YOUR ASSIGNMENT:
Quote only the lines that start at the line with "this 500×333 image." and run to the end of the entries; omit the pictures.

AVAILABLE RECORDS:
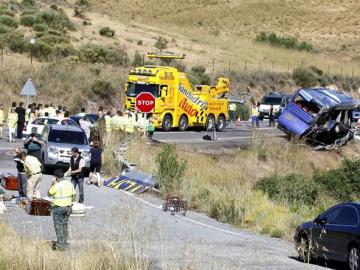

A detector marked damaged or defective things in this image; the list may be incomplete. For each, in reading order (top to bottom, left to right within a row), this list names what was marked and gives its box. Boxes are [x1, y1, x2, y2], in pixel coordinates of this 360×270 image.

damaged vehicle [278, 88, 358, 150]
overturned blue bus [278, 88, 358, 150]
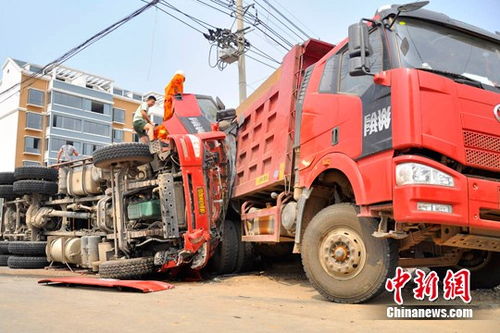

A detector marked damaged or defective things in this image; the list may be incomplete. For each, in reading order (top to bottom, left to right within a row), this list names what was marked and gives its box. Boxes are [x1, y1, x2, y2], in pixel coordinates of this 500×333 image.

overturned truck [0, 92, 247, 276]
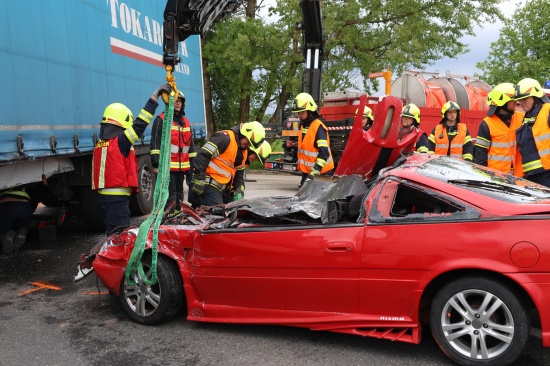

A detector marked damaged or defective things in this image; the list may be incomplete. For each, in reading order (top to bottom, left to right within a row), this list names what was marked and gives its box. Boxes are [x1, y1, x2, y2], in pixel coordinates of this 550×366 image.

torn metal sheet [224, 174, 370, 220]
shattered windshield opening [418, 158, 550, 203]
red wrecked car [81, 152, 550, 366]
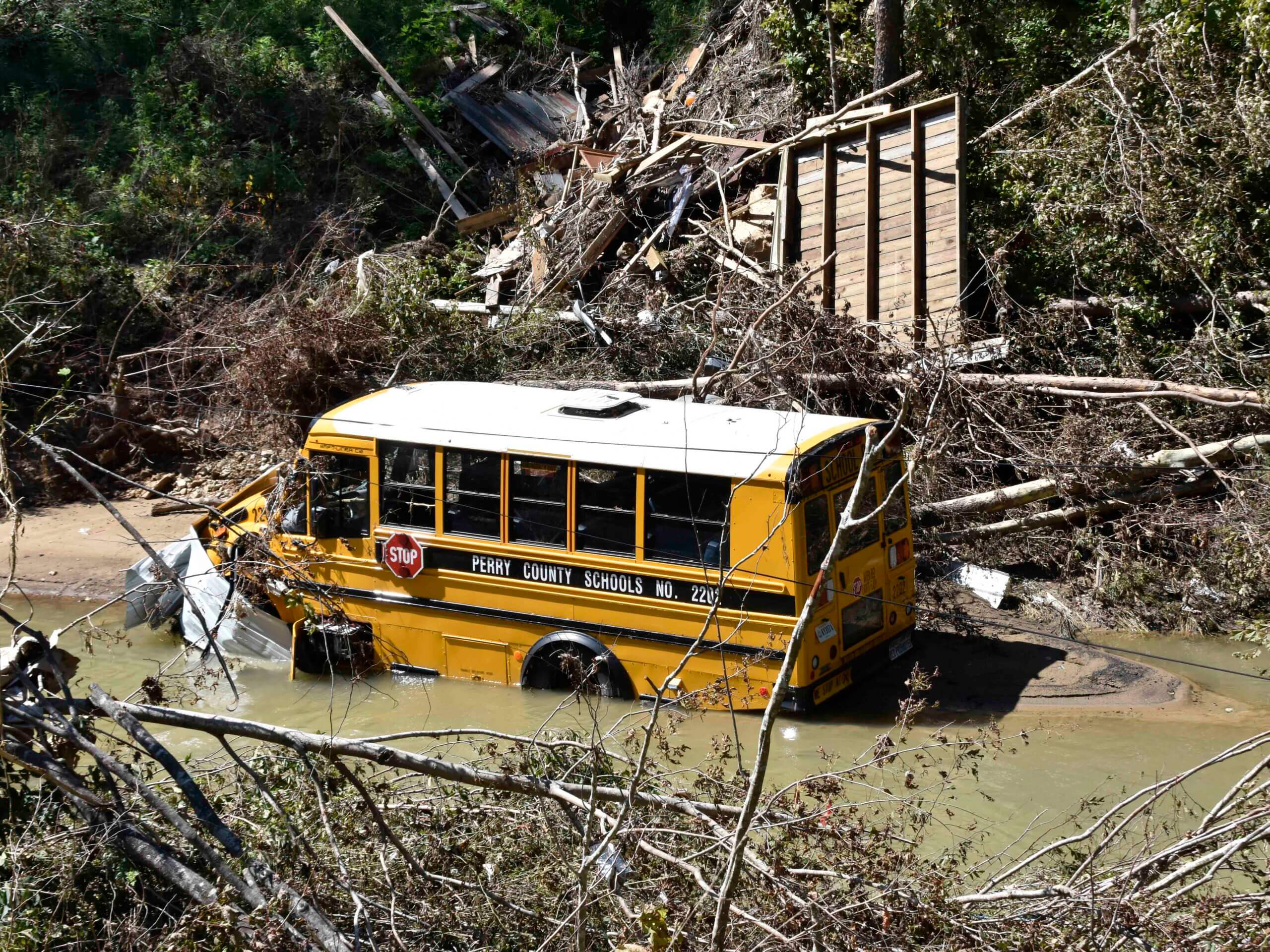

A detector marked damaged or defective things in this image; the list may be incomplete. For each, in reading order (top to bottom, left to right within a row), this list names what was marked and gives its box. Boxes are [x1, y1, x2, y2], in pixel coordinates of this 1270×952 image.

splintered wood [777, 92, 965, 348]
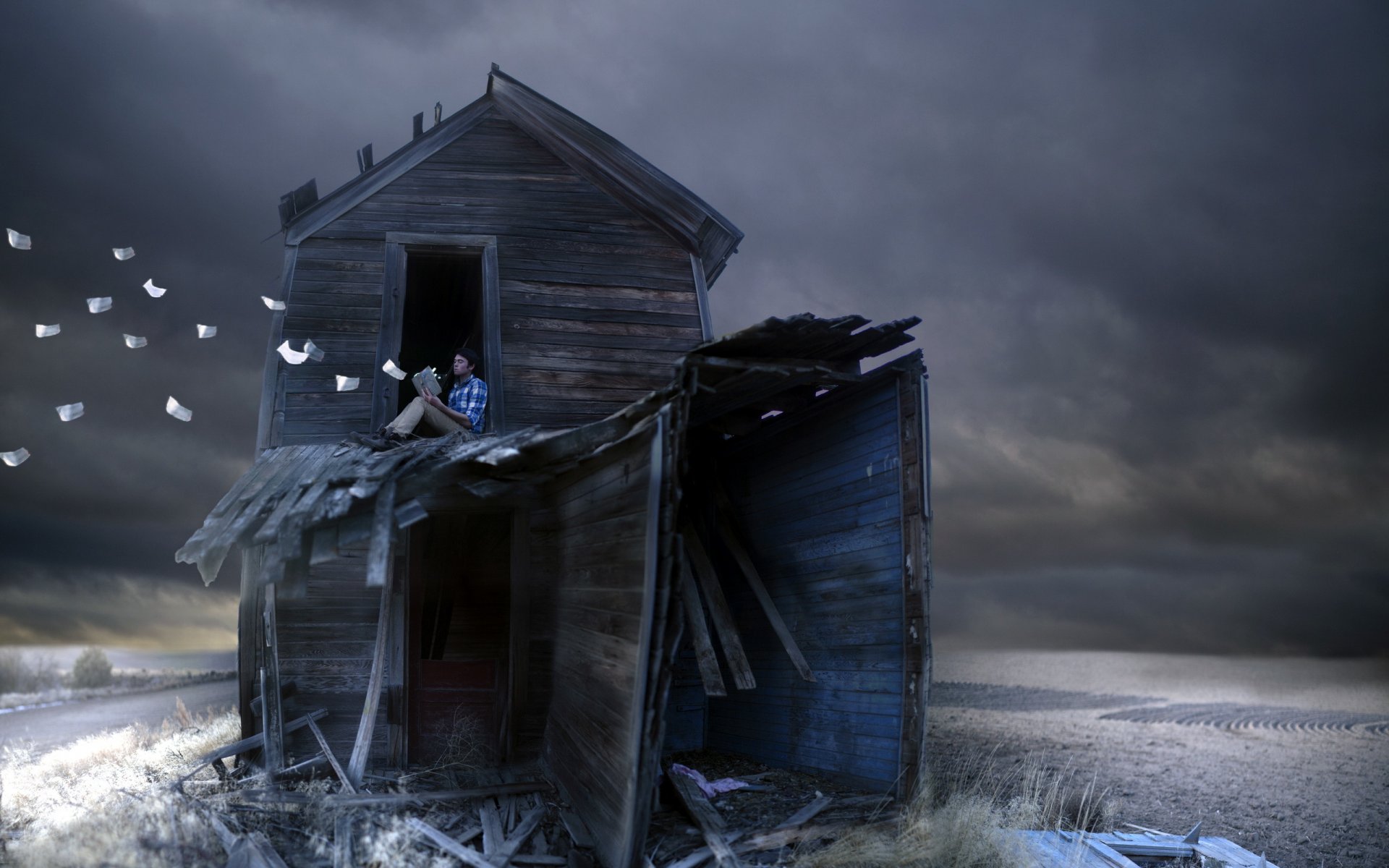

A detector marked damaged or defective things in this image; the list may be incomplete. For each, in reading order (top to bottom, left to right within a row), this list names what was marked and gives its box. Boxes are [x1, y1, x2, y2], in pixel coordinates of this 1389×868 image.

broken wooden plank [674, 550, 721, 697]
broken wooden plank [677, 527, 752, 689]
broken wooden plank [712, 486, 822, 683]
broken wooden plank [346, 584, 391, 787]
broken wooden plank [192, 709, 328, 764]
broken wooden plank [308, 712, 359, 793]
broken wooden plank [408, 822, 495, 868]
broken wooden plank [668, 775, 741, 868]
broken wooden plank [776, 793, 828, 827]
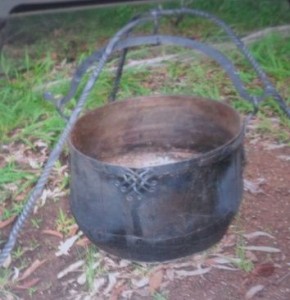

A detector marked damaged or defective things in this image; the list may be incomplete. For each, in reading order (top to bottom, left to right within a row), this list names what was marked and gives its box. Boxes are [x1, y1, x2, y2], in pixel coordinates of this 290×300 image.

rusty metal surface [69, 95, 245, 260]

ANSWER TO THE EXERCISE:
A detector marked damaged or defective things in this image; the list may be incomplete. For each, in reading order (top to bottom, left to right within a row), this list names what was marked and gives its box. Boxes are [x1, y1, x2, y2], in pixel coordinates of this 500×333 image.

overturned truck [0, 92, 247, 276]

A detector marked damaged or defective things in this image; the list may be incomplete. For each, in reading order (top to bottom, left to right within a row), this list names what was marked and gives its box. Boxes are [x1, y1, x2, y2], in pixel coordinates of this 550×366 image.

torn metal sheet [224, 174, 370, 220]
shattered windshield opening [418, 158, 550, 203]
red wrecked car [81, 152, 550, 366]

A detector marked damaged or defective things in this image; the list may be incomplete. For each, in reading order (top to bottom, left to right within a row), this list names what was marked and gives its box. Boxes are [x1, y1, x2, y2], in pixel coordinates of this 1270×952 image.

splintered wood [777, 92, 965, 348]

A detector marked damaged or defective things in this image; the list may be incomplete. For each, in reading order (top to bottom, left to right within a row), this list names what was marked and gives its box. Boxes are [x1, y1, x2, y2], in pixel coordinates of this 1389×868 image.

broken wooden plank [674, 550, 721, 697]
broken wooden plank [677, 527, 752, 689]
broken wooden plank [712, 486, 822, 683]
broken wooden plank [346, 584, 391, 787]
broken wooden plank [192, 709, 328, 764]
broken wooden plank [308, 712, 359, 793]
broken wooden plank [408, 822, 495, 868]
broken wooden plank [668, 775, 741, 868]
broken wooden plank [776, 793, 828, 827]

A detector marked damaged or defective things in this image; the list may be incomplete. For each, in reading order (top to bottom, left to right within a row), this list names what was marked and gives its box. Boxes are [x1, y1, x2, y2], in pixel coordinates of this 290×300 image.

rusty metal surface [69, 95, 245, 260]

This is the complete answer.